Every line of the data must be set down exactly as shown.

[[ EXERCISE DATA, beginning ]]

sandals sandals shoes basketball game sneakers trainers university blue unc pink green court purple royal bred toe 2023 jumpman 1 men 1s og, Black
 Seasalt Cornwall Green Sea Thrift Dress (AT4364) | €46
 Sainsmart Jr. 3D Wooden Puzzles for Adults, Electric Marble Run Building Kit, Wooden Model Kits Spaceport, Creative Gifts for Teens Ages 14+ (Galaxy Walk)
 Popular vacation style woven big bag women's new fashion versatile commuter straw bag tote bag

[[ EXERCISE DATA, end ]]

• _EXERCISE SOLUTION_:
sandals sandals shoes basketball game sneakers trainers university blue unc pink green court purple royal bred toe 2023 jumpman 1 men 1s og, Black
 Seasalt Cornwall Green Sea Thrift Dress (AT4364) | €46
 Sainsmart Jr. 3D Wooden Puzzles for Adults, Electric Marble Run Building Kit, Wooden Model Kits Spaceport, Creative Gifts for Teens Ages 14+ (Galaxy Walk)
 Popular vacation style woven big bag women's new fashion versatile commuter straw bag tote bag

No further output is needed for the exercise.